By JOHN SEEWER
February 8, 2014
An Ohio couple in hiding with their daughter plan to pursue their legal arguments to make health care decisions for her even if judges allow a court-appointed guardian to withdraw from a campaign to put her through cancer treatments.
Andy and Anna Hershberger are appealing a court decision that allowed the guardian to step in. The Amish couple said they weren’t objecting to the treatment for religious reasons but because they believe the chemotherapy was killing 11-year-old Sarah.
Meanwhile, the guardian says she can’t contact the family and has asked to withdraw from the case.
The Hershbergers say assigning a guardian to have the final say robbed them of their constitutional rights. They’re appealing under the Ohio Health Care Freedom Amendment that voters approved in 2011. The amendment prohibits any law from forcing Ohioans to participate in “a health care system.”

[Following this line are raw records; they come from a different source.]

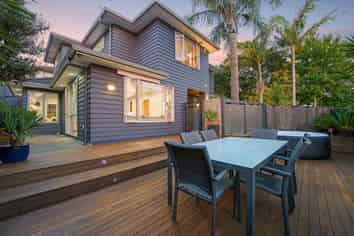 12 Cairngorm Place, Highland Park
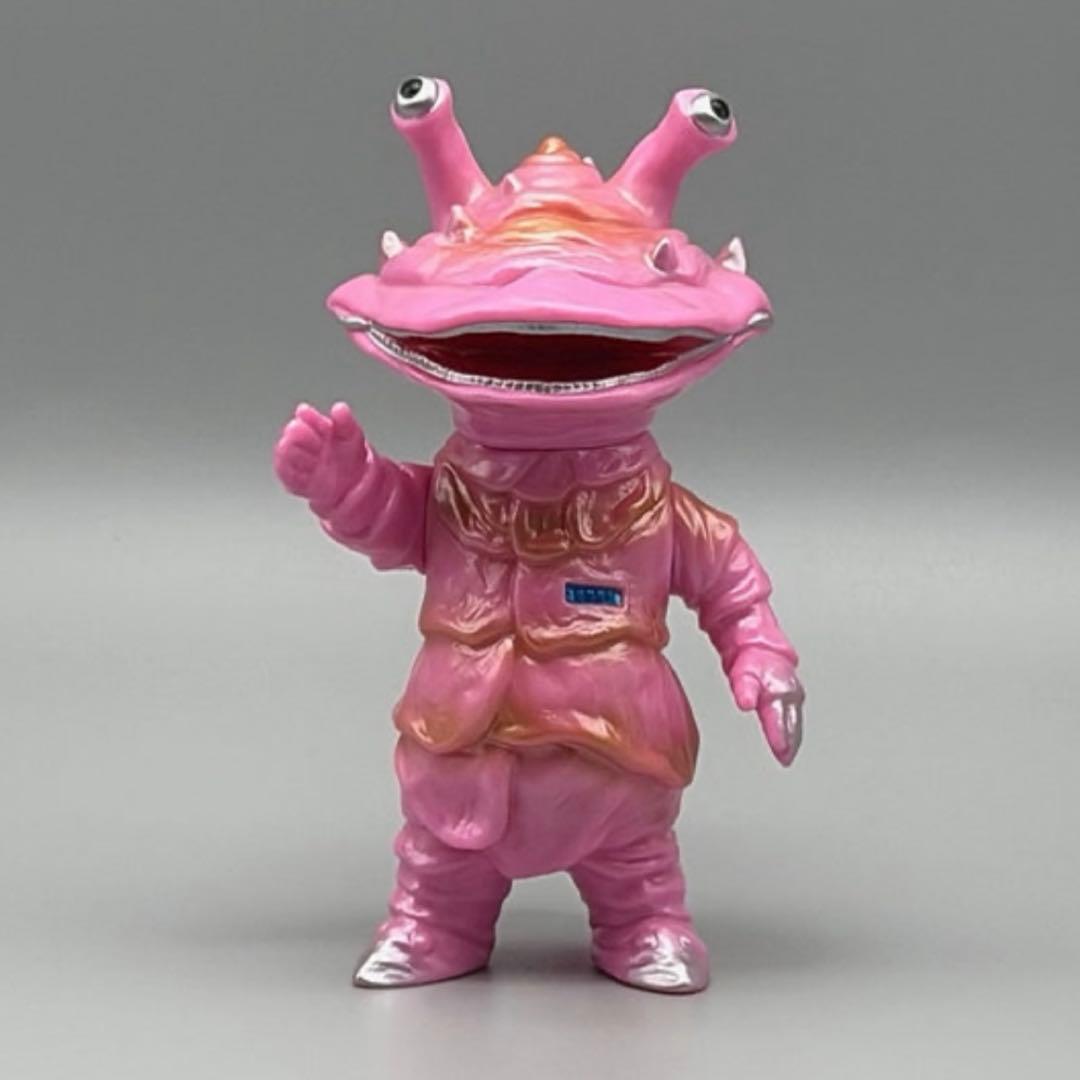 MAX TOY 怪獣 カネゴン ソフビ 墓場の画廊 ワンフェス MAX TOY コイン怪獣 カネゴン Kanegon ソフビ 墓場の画廊 - メルカリ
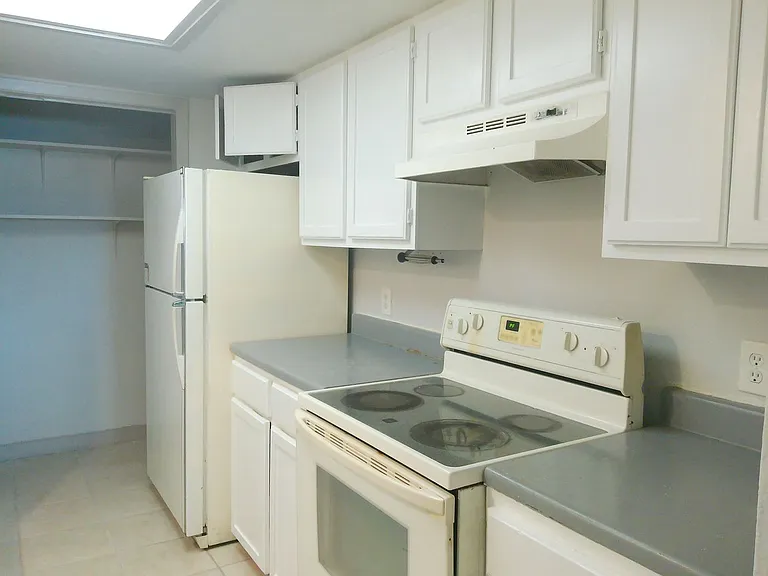 2309 Capitan Dr #C — Photo 7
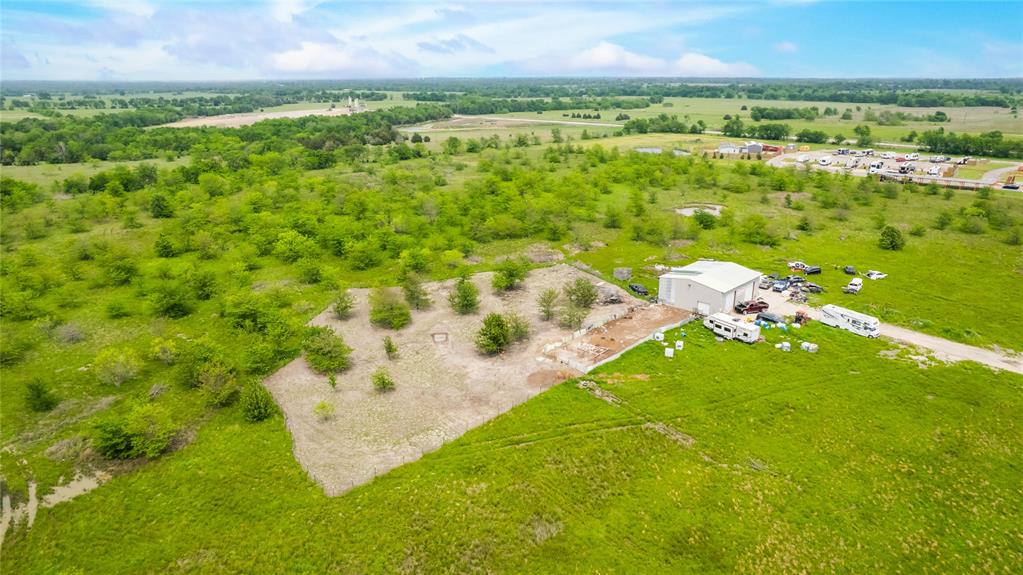5912 E Interstate 30 Property Photo 2
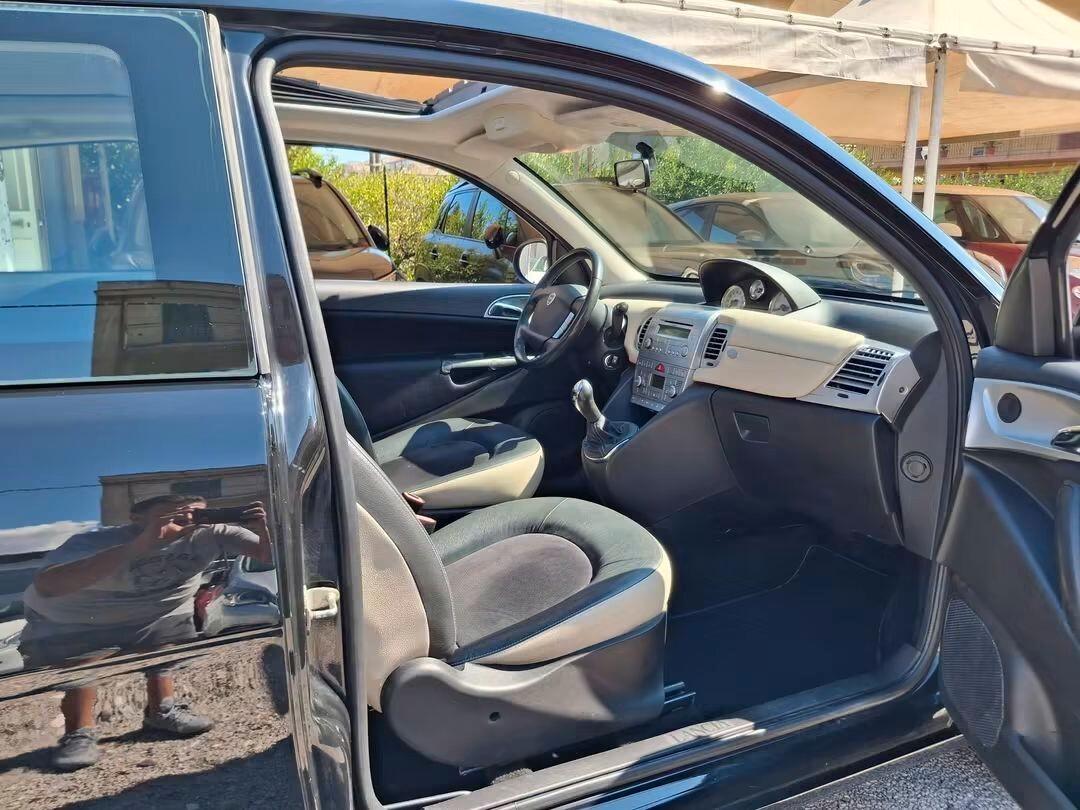 Lancia Ypsilon 1.3 MJT 16V 95 CV 3 porte S&S Platinum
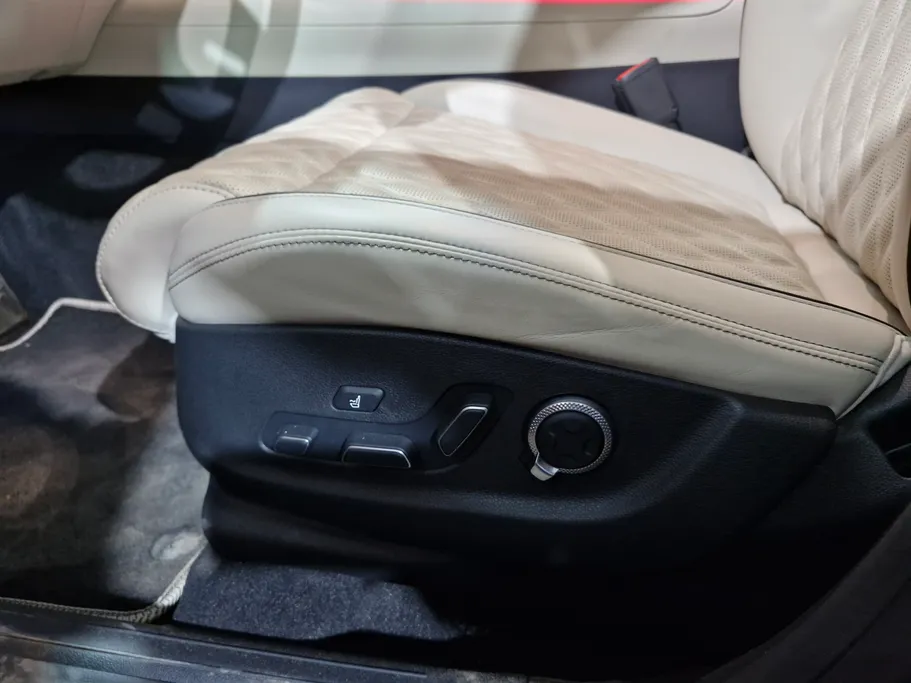 جينيسيس GV70 رويال سبورت 2023 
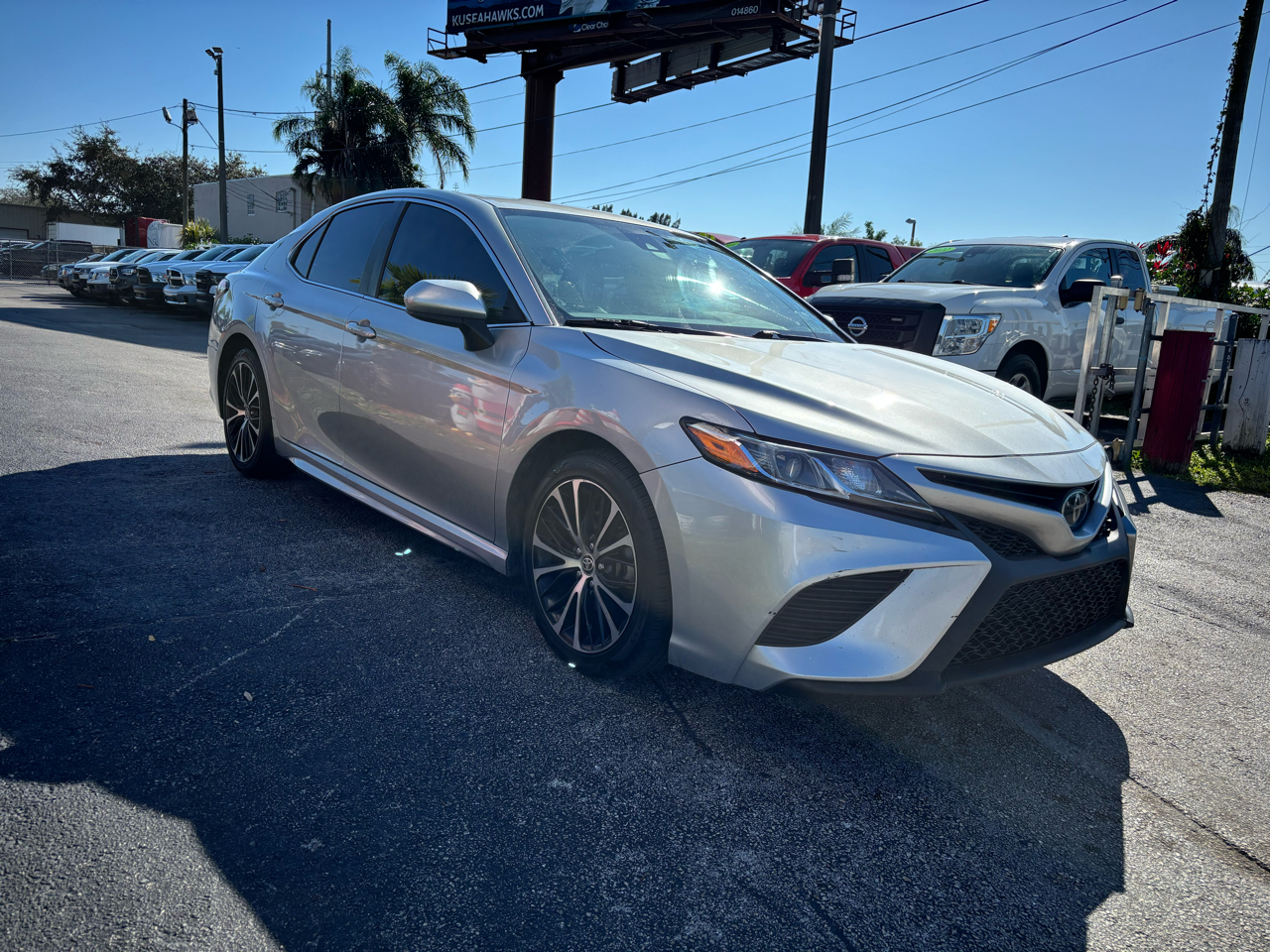 Toyota Camry SE 2020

Their appeal marks the first time a court has been asked to determine the scope of the amendment, which was largely thought to be a symbolic vote against President Barack Obama’s health care overhaul.
Maurice Thompson of the libertarian 1851 Center for Constitutional Law in Ohio helped draft the state amendment and is now representing the Hershbergers.
“Allowing an uninterested third-party, one that has never even met the family or the child, to assert an interest in an exceedingly important parental decision will completely undermine the parent-child relationship,” Thompson said in a filing with the Ohio Supreme Court.
Thompson also has filed an appeal in a state appeals court. In a filing with that court, he said that Ohio’s guardianship statutes appear to let courts substitute their judgment for that of suitable parents and that the court should take a narrower view that limits such second-guessing and is consistent with constitutional safeguards of their rights.